Dados do Portal da Transparência da prefeitura de Porto Alegre mostram que a gestão do prefeito Sebastião Melo (MDB) não investiu um real sequer em prevenção a enchentes em 2023. Em 2021, a Prefeitura investiu R$ 1.788.882,48 (R$ 1,7 milhão); em 2022, R$ 141.921,72 e, em 2023, nem um real. Estudos encomendados pelo Governo Federal entre 2013 e 2015 e custaram R$ 3,5 milhões previam chuvas acima dos níveis históricos no extremo sul do país e o programa foi engavetado. O Ministério do Meio Ambiente afirmou que programa será retomado face à tragédia.
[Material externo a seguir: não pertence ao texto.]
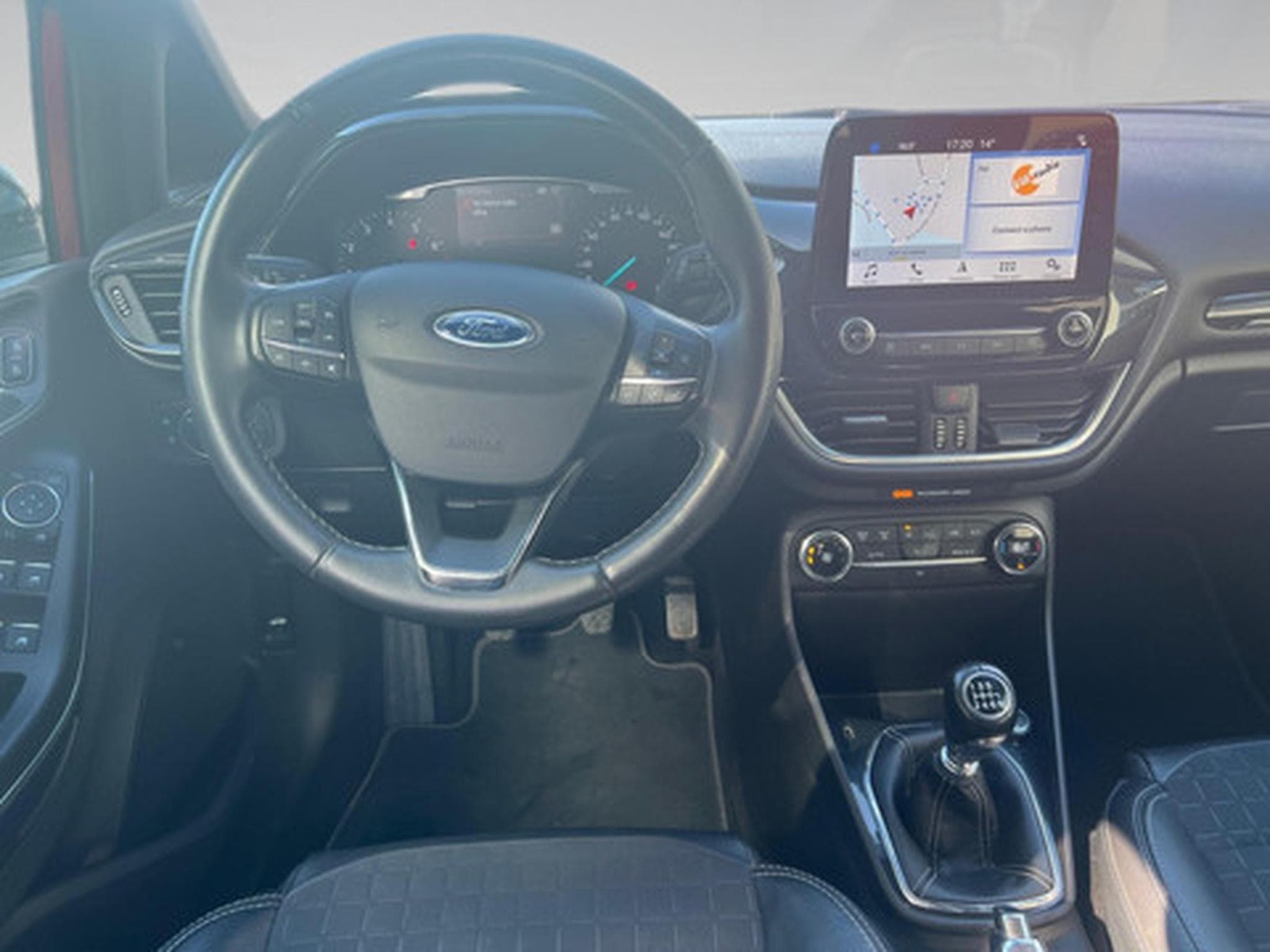 Ford Fiesta 1.0i EcoBoost 70kW Active (2018) - Photo 6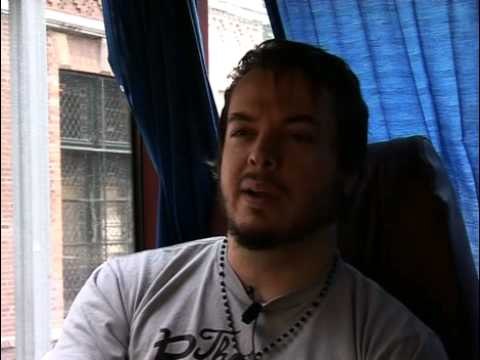 Cavalera Conspiracy interview - Igor Cavalera (part 1)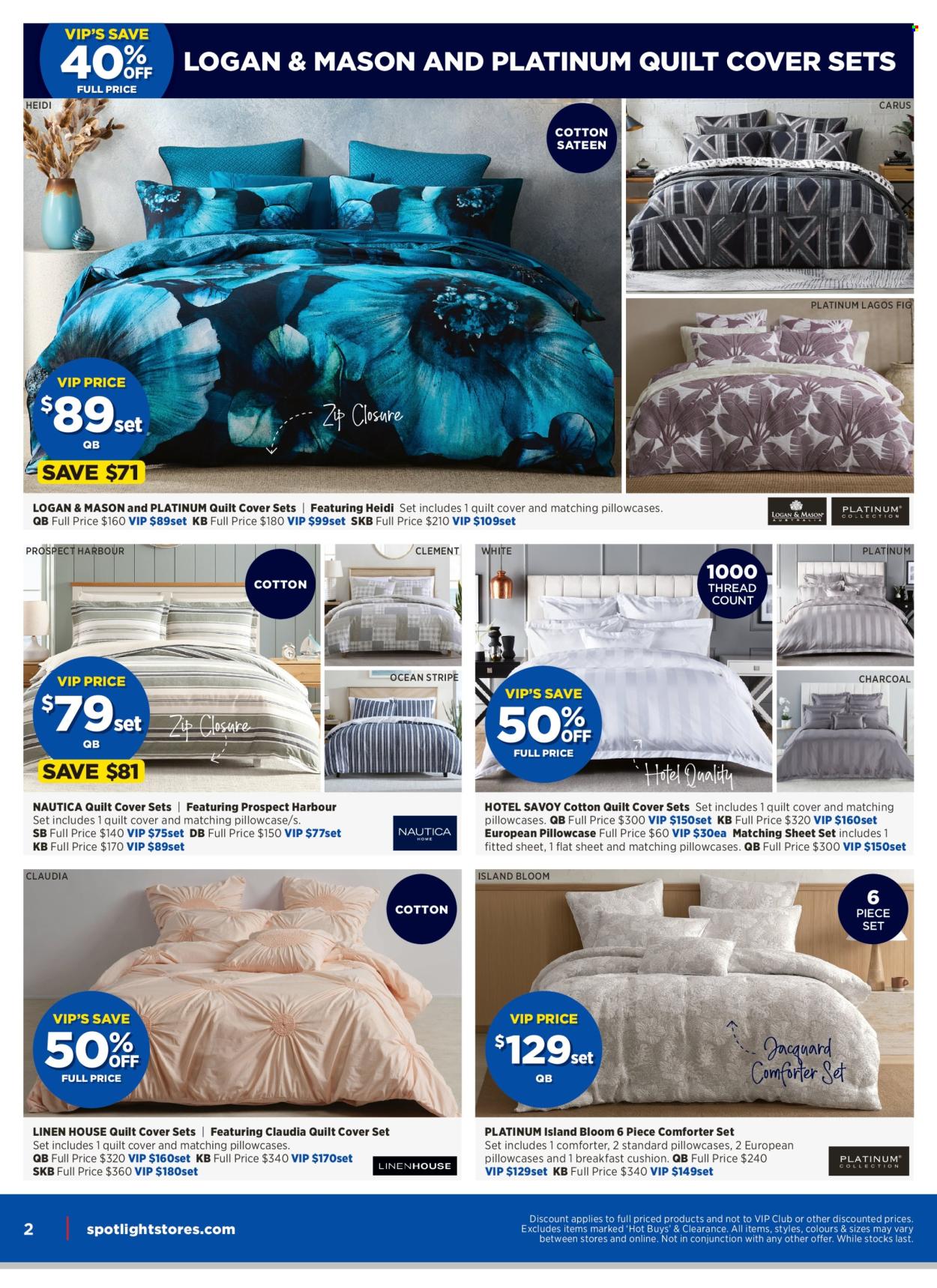 Spotlight catalogue - 2.9.2026 - 22.9.2026. Page 2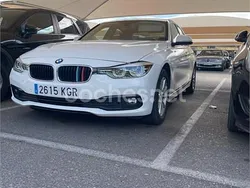 Blanco Usado 2018 BMW 318 Berlina | 16.000 € (Precio justo)
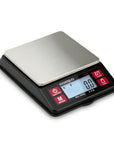 Truweigh LUX Digital Scale - 1000g x 0.1g - Black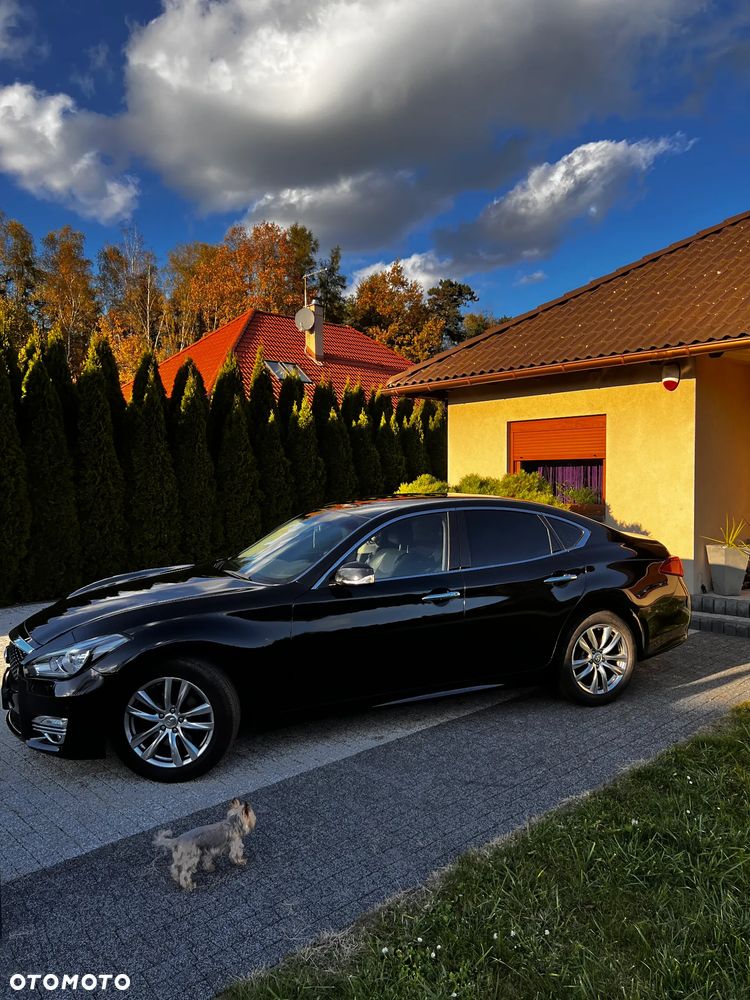 Infiniti Q70 2.2d Sport Tech - 14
O Rio Grande do Sul vai se reerguer e renovar, mas para onde nós, seres humanos, caminharemos? A questão é urgente e é preciso uma consciência humanitária maior e isso reflete numa necessidade do povo escolher melhor seus representantes que deem prioridade e à preservação da natureza. Preservar a natureza é preservar a humanidade” – Leona Cavalli
Em 1941, Porto Alegre sofreu um uma grande enchente também. Grandes obras foram feitas, bem como houve a construção de comportas e mecanismos para escoamento da água, já que naquela ocasião, o lago Guaíba havia subido 4,75 metros e deixado a cidade inundada por 40 dias. Na última segunda-feira (13), o nível do lago estava em 4,77 e já passou dos 5m. Edificado na década de 1970 e malcuidada, as comportas e portões não funcionaram. A maioria dos motores foi roubada e os demais não tiveram a manutenção adequada e estão sem funcionar. Alguns portões estavam enferrujados.
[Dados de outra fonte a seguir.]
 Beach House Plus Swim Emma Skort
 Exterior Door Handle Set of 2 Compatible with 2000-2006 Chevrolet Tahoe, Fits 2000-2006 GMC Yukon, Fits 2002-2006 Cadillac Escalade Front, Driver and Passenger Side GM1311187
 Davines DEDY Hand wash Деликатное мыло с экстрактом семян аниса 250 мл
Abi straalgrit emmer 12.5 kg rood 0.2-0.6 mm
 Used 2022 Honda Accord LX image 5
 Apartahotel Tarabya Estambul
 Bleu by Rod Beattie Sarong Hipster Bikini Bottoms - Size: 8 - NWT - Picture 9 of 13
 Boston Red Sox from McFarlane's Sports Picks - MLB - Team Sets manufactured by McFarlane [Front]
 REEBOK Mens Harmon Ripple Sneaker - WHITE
Para Leona, o clima é de instabilidade constante. A chuva que não cessa, não apenas por conta do clima. “Esse é um processo antigo e constante de abuso e descuido da natureza e em várias formas. É praticamente o estado inteiro. É algo que nunca vimos. E não podemos deixar de falar da Amazônia. É algo previsível e anunciado há muito tempo. Não se leva o cuidado, a preservação do Meio Ambiente em conta. Há quem ache que isso é uma abstração. Espero que agora haja uma constância de prevenção, já que isso pode acontecer em qualquer lugar”
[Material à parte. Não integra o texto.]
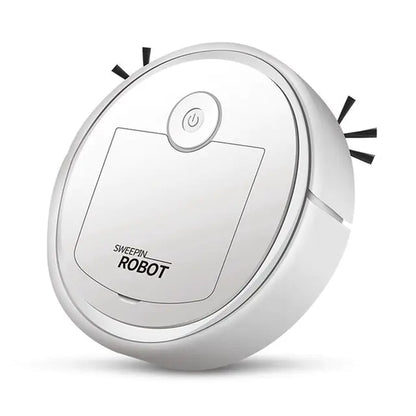 Powerful Robotic Vacuum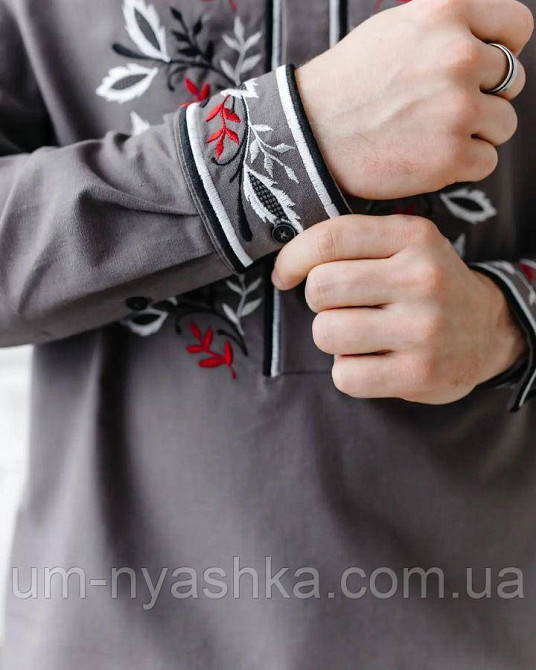 Сімейні вишиванки Доля парні вишиванки Familly look Кривий Ріг - фото 10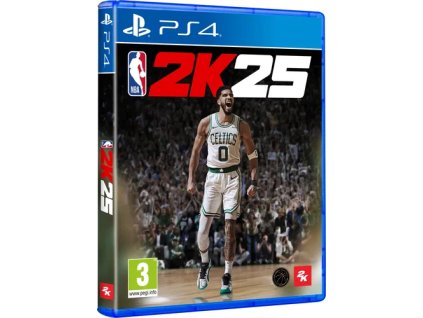 PS4 - NBA 2K25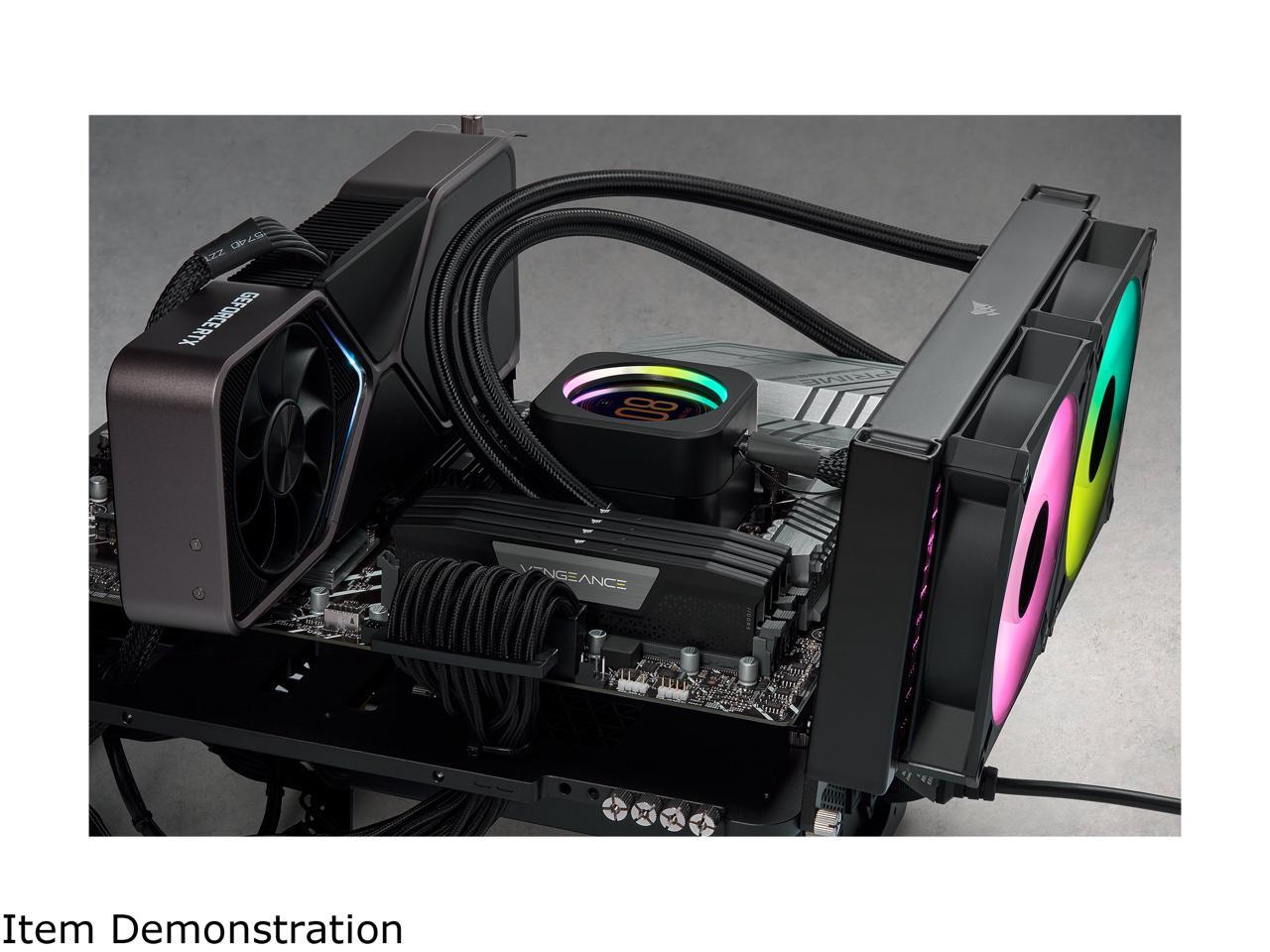 CORSAIR Vengeance 32GB (2 x 16 - Ddr5 8Gb avaliação e preço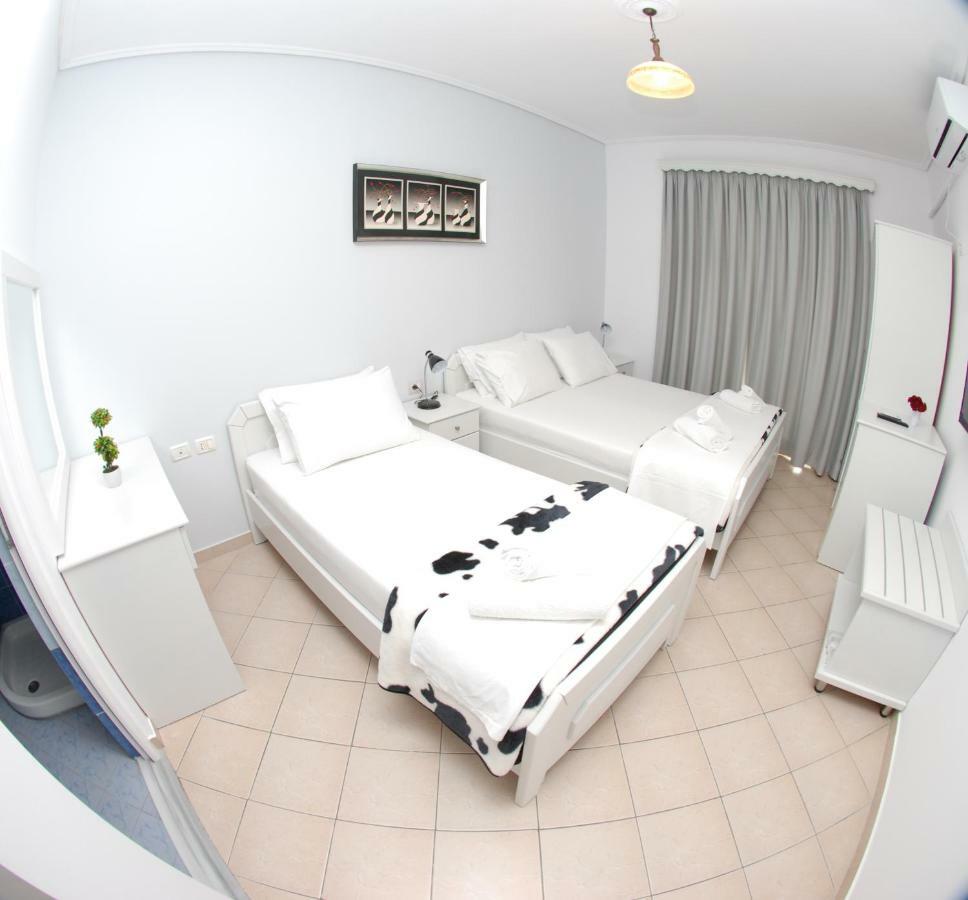 Hotel Ms Sarande Ngoại thất bức ảnh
Para nós que somos gaúchos é tudo muito triste. O bairro onde me criei, que é a minha referência na cidade de Porto Alegre vive uma situação terrível. Eu morei no Menino Deus que é um dos bairros mais alagados, e o Bom Fim, menos, mas 85% da cidade está inundada. Um dos lugares onde estudei, tanto a Pontifícia Universidade Católica, como a Universidade Federal do Rio Grande do Sul (UFRGS) viraram um lugar de acolhimento – Leona Cavalli
Leona está em cartaz com uma peça inspirada no livro “Ser artista“, de Marcus Montenegro. “É uma homenagem ao teatro brasileiro, no qual eu interpreto grandes atrizes que foram ou são agenciadas pelo Marcus. Dentre elas, Nathalia Timberg, Bibi Ferreira (1922-2019), Camilla Amado (1938-2021), Zezé Motta, Nicette Bruno (1933-2020), e Tônia Carrero (1922-2018). É um desafio imenso. Uma peça com um pouco mais de uma hora na qual revisitamos depoimentos da vida delas e homenageamos o teatro em si. O Anderson Müller faz na montagem um papel equivalente ao do autor do livro, o Marcus”. A encenação conta com a direção de Beth Goulart. Ela também pode ser vista em “Elogio da Loucura” versão teatral inspirada no livro “O Elogio da Loucura”, de Erasmo de Roterdã, um dos maiores escritores da História.